Saya terkagum ketika mendengar penjelasan dari seorang teman Kelas
Inspirasi bernama Yudi, seorang Engineer Pertambangan. Saat ini dia
sedang bertugas di somewhere pedalaman hutan Borneo. Yudi bercerita
tentang lapisan Batu Bara. Batubara adalah sebuah material batu yang
bisa dimanfaatkan untuk bahan bakar karena terdapat kandungan Kalori di
dalamnya. Batubara batuan merupakan batuan sedimen yang dapat terbakar,
terbentuk dari endapan organik yang unsur utamanya adalah sisa-sisa
tumbuhan dan terbentuk melalui proses pembatubaraan. Tumbuhan penyusun
batubara antara lain berasal dari kelas Alga, Silofita, Pteridofita, Gimnospermae, dan Aingiospermae (Diessel, 1981). Unsur-unsur utamanya terdiri dari karbon (C), hidrogen (H), dan oksigen (O).

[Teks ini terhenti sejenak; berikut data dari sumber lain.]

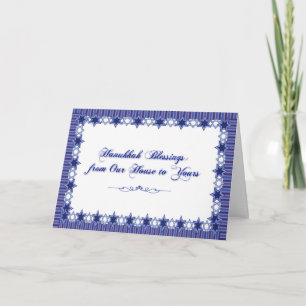 Hanukkah Blessings Card Feestdagen Kaart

Secara garis besar, pengklasifikasian batubara dapat dibagi menjadi
tiga kelas, dibagi berdasarkan uruta kedalaman posisinya di dalam perut
bumi:
1. Lignit
Adalah batubara yang terdapat pada lapisan paling atas, dan merupakan
batubara kelas rendah. Lignit merupakan batubara cokelat yang secara
fisik bersifat lunak karena mengandung 35-75% air di dalamnya. Batubara
jenis ini memiliki sedikit kalori.
2. Bituminus
Adalah batubara yang terdapat di lapisan tengah. Terbentuknya
batubara jenis Bituminus tentu saja lebih lama dibandingkan Lignit.
Bituminus mengandung senyawa Karbon antara 68-86% dengan kadar air
antara 8-10% dari keseluruhan beratnya. Kalori yang terdapat dalam
Bituminus cukup tinggi.
3. Antrasit
Adalah jenis batubara terbaik. Warnanya hitam mengkilat. Antrasit
mengandung kalori tinggi dengan kadar karbon antara 86-98% dan kadar air
kurang dari 8%. Antrasit berada di lapisan paling dalam di perut bumi
dan merupakan batubara kualitas terbaik di dunia.
Untuk lebih jelasnya, berikut penjelasan melalui gambar:
Mendengar penjelasan ini, saya mencoba menganalogikannya dengan
konsep ‘memecah’ ide untuk berkarya komik (karena saya seorang komikus
:p ).
Terkadang saya bertanya-tanya, mengapa komik Dragon Ball bisa begitu sukses di pasar dunia?
Apa yang membuat ‘materi’ itu begitu menarik untuk dibaca?
Selama bertahun-tahun, saya mengulang pertanyaan itu terus menerus di
kepala sambil tidak berhenti melakukan riset atas objek komik itu.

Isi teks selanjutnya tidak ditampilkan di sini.